A cibersegurança é o novo ativo das PME

Opinião de Margarida Loureiro, Presidente da JUNITEC – Júnior Empresa do Instituto Superior Técnico

André Manuel Mendes
Novembro 17, 2025
11:19

Por Margarida Loureiro, Presidente da JUNITEC – Júnior Empresa do Instituto Superior Técnico

Quando o assunto é cibersegurança, muitas pequenas e médias empresas (PME) ainda encaram a proteção digital como um desafio distante, reservado às grandes empresas. No entanto, essa perceção está longe da realidade. Em Portugal, as PME representam 99,9% das empresas não financeiras e asseguram 76% do emprego, de acordo com o relatório SME Performance Review da Comissão Europeia, de 2025.



As PME são, portanto, a espinha dorsal da economia nacional. Deste modo, a defesa digital tornou-se numa condição estratégica para a sobrevivência de qualquer negócio. No cenário atual, cada dado e clique transformam-se num potencial risco. E, quando o alvo é definido pela sua vulnerabilidade, a dimensão da empresa deixa de importar.

Um estudo da Marsh, em parceria com a Federação das Associações Europeias de Gestão de Risco (FERMA), revela que as PME na União Europeia apresentam níveis de controlo de cibersegurança 15% inferiores aos das grandes organizações. Por outro lado, enquanto 91% das grandes empresas exigem e implementam autenticação multifatorial para acessos remotos, essa prática desce para 75% entre as PME. Além disso, apenas 40% das PME realizam testes e exercícios de resposta a incidentes, em contraste com 61% das empresas de maior dimensão. Estes números traduzem fragilidades que não escapam à atenção dos cibercriminosos.

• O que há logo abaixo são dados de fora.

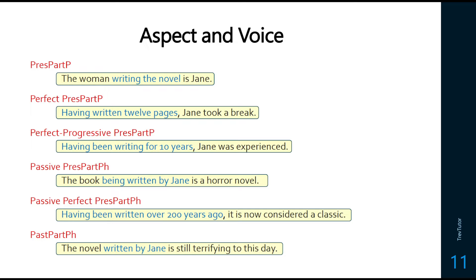We can include aspect and voice in our participle phrases. A normal present participle: 'the woman writing the novel.' A perfect present participle: 'having written 12 pages' — labeled as present participle perfect because 'having' has the -ing on it. A perfect progressive present participle would be labeled pres part perf prog, where 'writing' is an intransitive verb. We can also have a passive: 'being written' — a present participle acting on the passive. Passive perfects and regular past participle phrases are also possible, and they're handled just as you'd expect.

De facto, segundo o relatório Cyber Security Resilience, da Allianz Commercial, divulgado em setembro deste ano, os grupos de ransomware estão a redirecionar os seus ataques para as PME. À medida que as grandes corporações reforçam os seus sistemas de proteção, os cibercriminosos encontraram nas PME um terreno mais vulnerável. Esta mudança não é fruto do acaso, porém o resultado direto da disparidade de recursos, de competências e de preparação. Muitas PME não dispõem de equipas técnicas dedicadas, nem de planos de contingência eficazes, o que as torna presas fáceis num ambiente digital cada vez mais hostil.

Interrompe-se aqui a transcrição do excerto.